MentionsNot applicable.Requires parsing message content and generating notifications for specific users. A whole new query path.
PermissionsNot applicable.Who can change the group name? Who can invite new members? Who can mute others? This is a complex ACL system in itself.

A 1:1 chat is a two-party agreement. A group chat is a chaotic, multi-party negotiation where state is always in flux.

The Tyranny of the Fan-Out

Delivering a message also transforms completely. In a 1:1 chat, it's one write, one push. In a group with 10,000 members, a single message triggers a massive fan-out. That innocent-looking "is typing..." indicator? In a large group, it can trigger an event storm that melts your servers.

Anatomy of a Production-Ready Solution

To solve these problems, a monolith won't cut it. You need a decoupled crew of specialists. Let's design for a target of 1 million concurrent users, a peak of 100,000 messages/sec, and a sub-100ms p99 delivery latency

                                  +-------------------+
                                  |   [ API Gateway ] |
                                  +---------+---------+
                                            | (Session Auth)
                                            |
+-------------------------------------------+----------------------------------------------+
| (Real-time / Fast Path)                   |                               (Durable / Safe Path) |
|                                           |                                              |
v                                           v                                              v
+----------------+                      +---------+                                +-------------------+
| [ NATS Bus ]   |                      | [Redis] |                                |  [ Kafka Log ]    |
+-------+--------+                      +---------+                                +---------+---------+
        | (Live Messages, Fan-out)            ^ (Read State, Typing...)                    | (Message Archive)
        |                                     |                                            |
        v                                     |                                            v
+--------------------+                        |                                +--------------------------+
|  [ Online Users ]  |------------------------+                                | [Message Persister Svc]  |
+--------------------+                                                         +-----------+--------------+
                                                                                            | (Batch ingest)
                                                                                            v
                                                                                    +------------------+
                                                                                    | [ScyllaDB/CASS]  |
                                                                                    +------------------+

1. The Hybrid Message Bus (NATS + Kafka)

Separate real-time delivery from durable, offline delivery.

  • For Online Users (Fast Path): Use a lightweight pub/sub system like NATS. When a user sends a message, it's published to a NATS topic. All connected clients get it instantly. This is fire-and-forget; its only job is speed.
  • For Offline Users (Safe Path): In parallel, the same message is published to a durable log like Apache Kafka, often with a 7-day log retention policy. This is the system of record. For more advanced use cases, check out tools like NATS JetStream .

Trade-off: Why NATS over Redis Streams? NATS is a specialist scalpel—purpose-built for high-performance, at-most-once messaging. It's simpler and faster for this specific "fire-and-forget" job, leaving Redis free to handle its core responsibility: state.

2. The Wide-Column Message Store (ScyllaDB)

Storing billions of messages in a relational database is a recipe for operational pain. A wide-column store like ScyllaDB or Apache Cassandra is the right tool.

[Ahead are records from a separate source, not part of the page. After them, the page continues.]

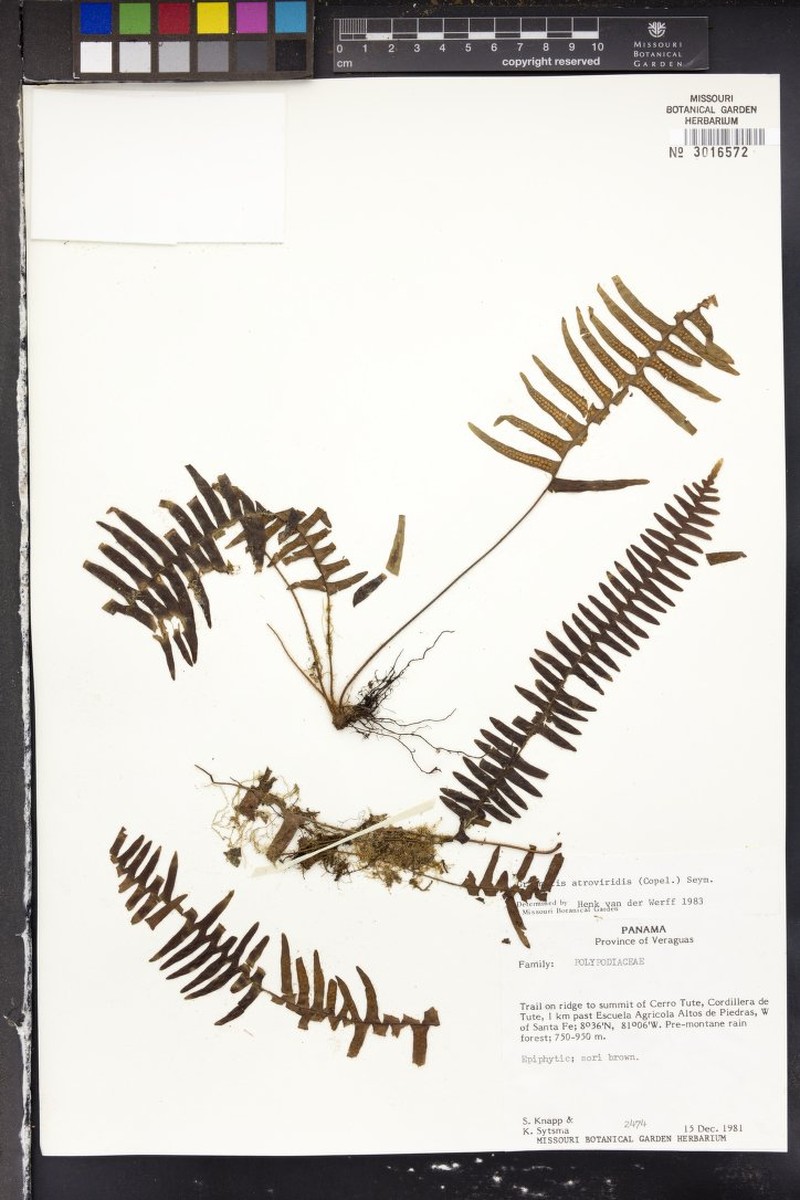 Grammitis atroviridis photo 4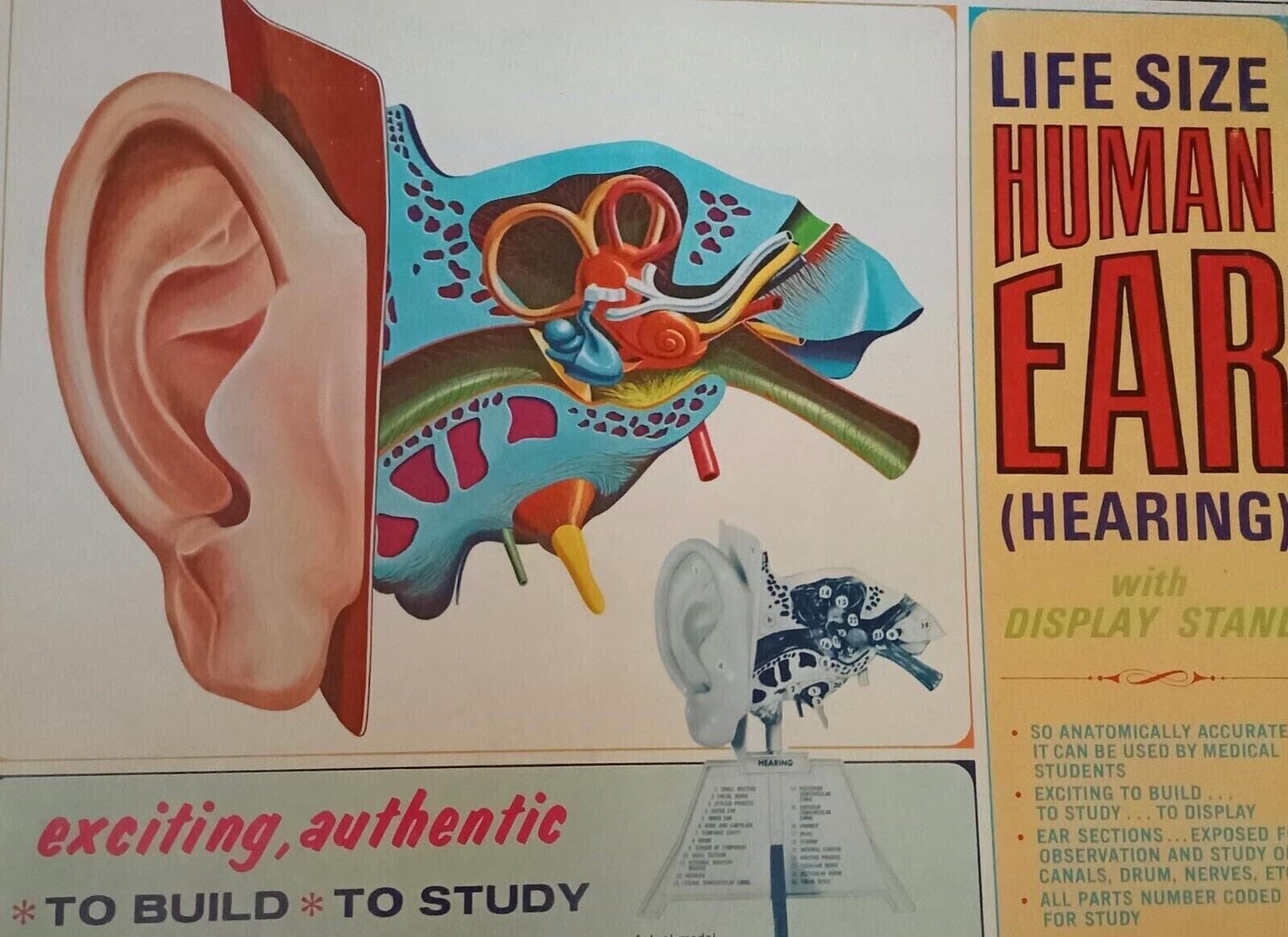 PYRO MODEL KIT 1968 HUMAN EAR HEARING SERIES SCIENTIFIC S 373-300 NEW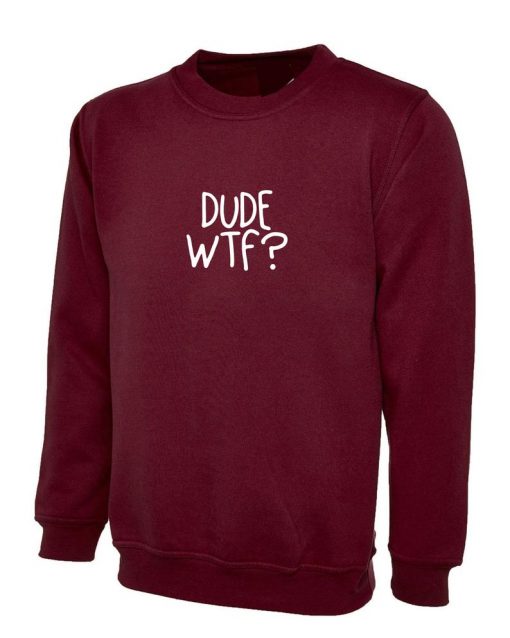 Dude WTF Sweatshirt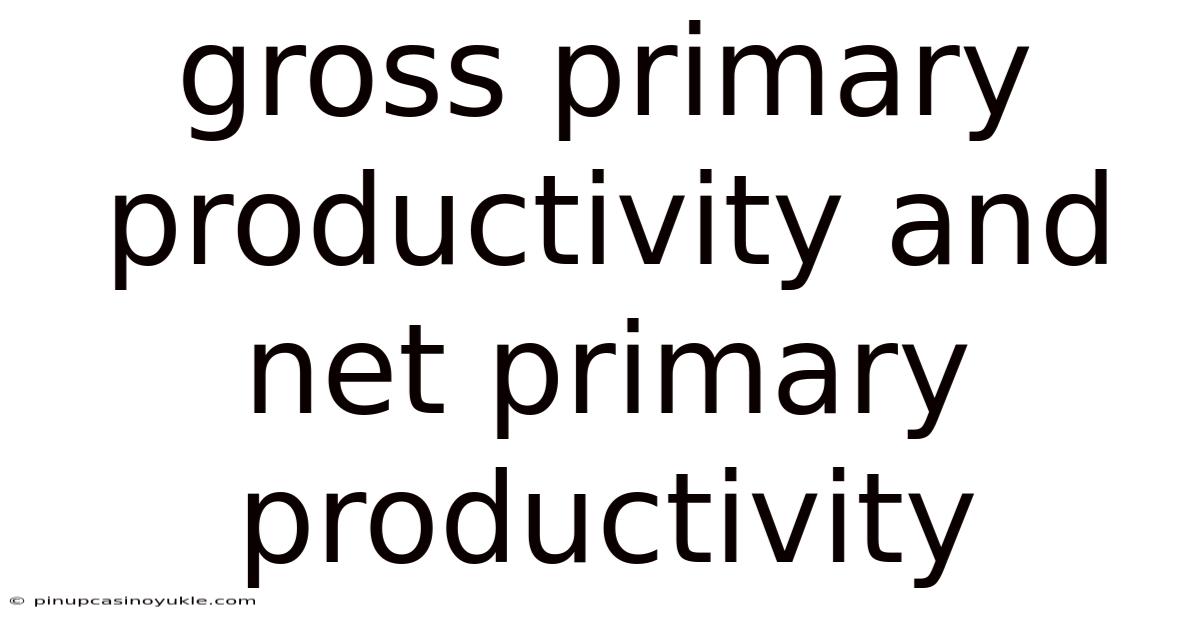 Gross Primary Productivity And Net Primary Productivity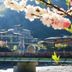 屋外の景色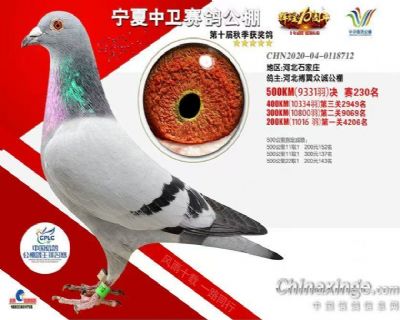 ����230��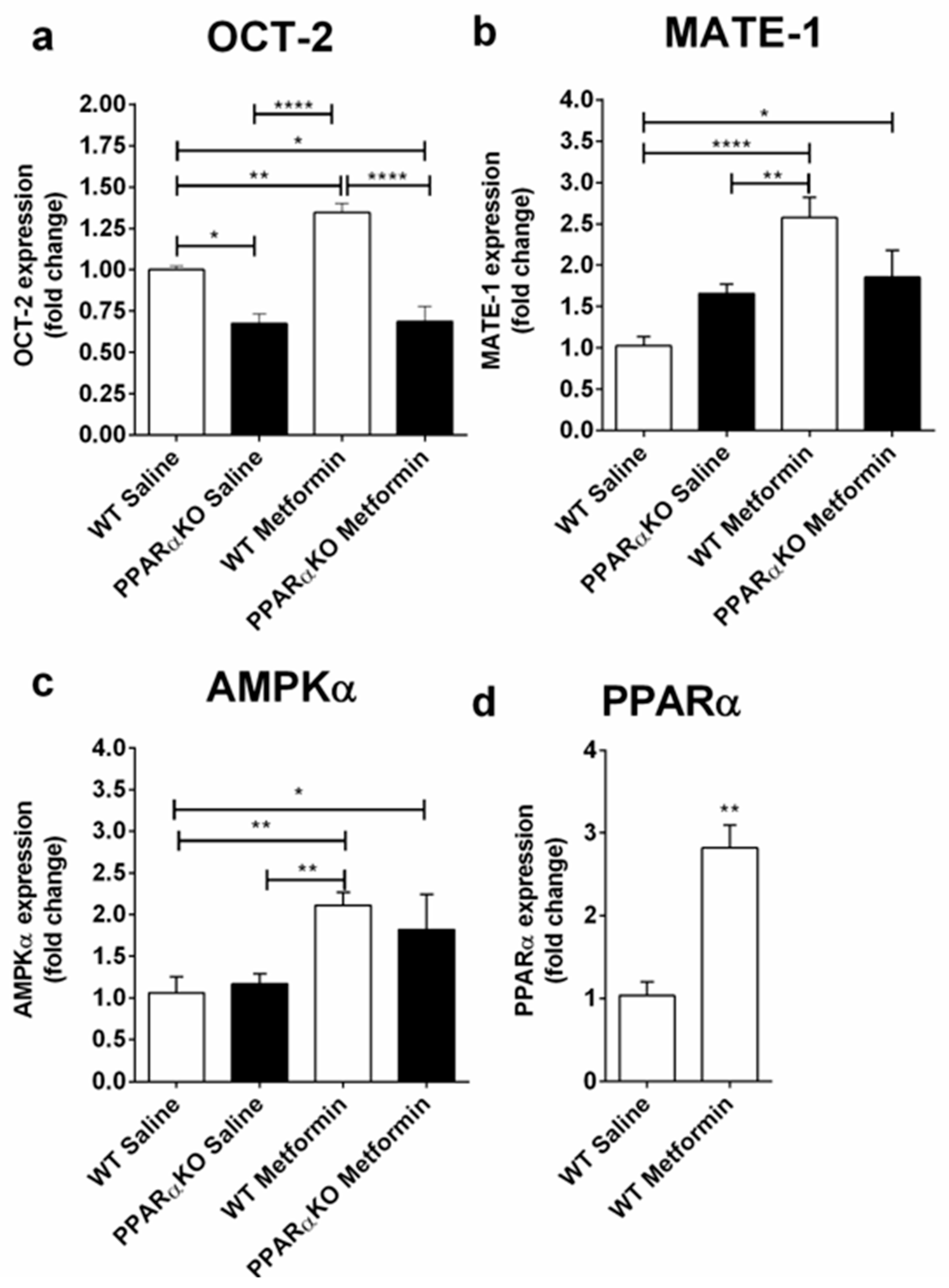 Molecules 25 00392 g001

-- A simplified Cassandra/ScyllaDB table schema
CREATE TABLE messages (
    channel_id uuid,
    message_id timeuuid,
    author_id uuid,
    content text,
    PRIMARY KEY ((channel_id), message_id)
) WITH CLUSTERING ORDER BY (message_id DESC);

Trade-off: Why ScyllaDB over DynamoDB? While DynamoDB is a fantastic managed service, self-hosting ScyllaDB gives you extreme performance, no vendor lock-in, and can be significantly more cost-effective at massive scale. For those migrating, ScyllaDB also offers a DynamoDB-compatible API called Alternator to ease the transition.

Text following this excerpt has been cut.